* WHAT THE TASK REQUIRES
In the listing below, find the line containing "A muffin tin" and the line containing "A close-up of". Repeat exactly those two lines and every line between them, nothing more.

⁂

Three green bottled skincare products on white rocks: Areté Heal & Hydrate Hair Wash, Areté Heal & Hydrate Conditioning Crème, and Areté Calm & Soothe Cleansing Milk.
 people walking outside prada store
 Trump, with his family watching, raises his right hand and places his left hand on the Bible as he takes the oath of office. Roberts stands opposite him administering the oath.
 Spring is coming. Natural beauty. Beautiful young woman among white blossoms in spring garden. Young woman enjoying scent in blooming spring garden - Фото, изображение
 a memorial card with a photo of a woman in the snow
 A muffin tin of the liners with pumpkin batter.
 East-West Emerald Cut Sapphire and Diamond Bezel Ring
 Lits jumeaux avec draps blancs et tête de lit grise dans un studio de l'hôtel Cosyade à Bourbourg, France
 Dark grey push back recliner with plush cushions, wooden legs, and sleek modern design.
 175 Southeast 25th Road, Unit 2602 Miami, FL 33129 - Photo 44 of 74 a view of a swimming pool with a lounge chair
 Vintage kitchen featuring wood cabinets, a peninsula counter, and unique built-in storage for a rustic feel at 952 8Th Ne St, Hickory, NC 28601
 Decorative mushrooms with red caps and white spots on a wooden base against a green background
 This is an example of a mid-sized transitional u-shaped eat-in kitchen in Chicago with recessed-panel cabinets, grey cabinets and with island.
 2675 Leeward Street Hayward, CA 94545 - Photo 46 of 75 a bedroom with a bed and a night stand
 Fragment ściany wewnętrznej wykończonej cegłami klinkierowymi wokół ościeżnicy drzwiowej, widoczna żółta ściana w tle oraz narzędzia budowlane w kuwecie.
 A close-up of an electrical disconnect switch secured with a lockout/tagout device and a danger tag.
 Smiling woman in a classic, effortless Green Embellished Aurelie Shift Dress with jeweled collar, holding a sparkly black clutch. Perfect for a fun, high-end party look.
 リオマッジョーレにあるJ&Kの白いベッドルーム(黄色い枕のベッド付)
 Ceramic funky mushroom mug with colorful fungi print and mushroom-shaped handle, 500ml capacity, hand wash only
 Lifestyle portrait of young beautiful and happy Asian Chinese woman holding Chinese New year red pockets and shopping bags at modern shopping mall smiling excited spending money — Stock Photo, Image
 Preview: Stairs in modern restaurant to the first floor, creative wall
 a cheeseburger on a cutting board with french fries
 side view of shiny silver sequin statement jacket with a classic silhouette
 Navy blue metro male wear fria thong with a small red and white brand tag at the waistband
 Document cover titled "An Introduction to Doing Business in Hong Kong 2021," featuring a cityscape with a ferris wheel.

⁂

* EXERCISE SOLUTION
 A muffin tin of the liners with pumpkin batter.
 East-West Emerald Cut Sapphire and Diamond Bezel Ring
 Lits jumeaux avec draps blancs et tête de lit grise dans un studio de l'hôtel Cosyade à Bourbourg, France
 Dark grey push back recliner with plush cushions, wooden legs, and sleek modern design.
 175 Southeast 25th Road, Unit 2602 Miami, FL 33129 - Photo 44 of 74 a view of a swimming pool with a lounge chair
 Vintage kitchen featuring wood cabinets, a peninsula counter, and unique built-in storage for a rustic feel at 952 8Th Ne St, Hickory, NC 28601
 Decorative mushrooms with red caps and white spots on a wooden base against a green background
 This is an example of a mid-sized transitional u-shaped eat-in kitchen in Chicago with recessed-panel cabinets, grey cabinets and with island.
 2675 Leeward Street Hayward, CA 94545 - Photo 46 of 75 a bedroom with a bed and a night stand
 Fragment ściany wewnętrznej wykończonej cegłami klinkierowymi wokół ościeżnicy drzwiowej, widoczna żółta ściana w tle oraz narzędzia budowlane w kuwecie.
 A close-up of an electrical disconnect switch secured with a lockout/tagout device and a danger tag.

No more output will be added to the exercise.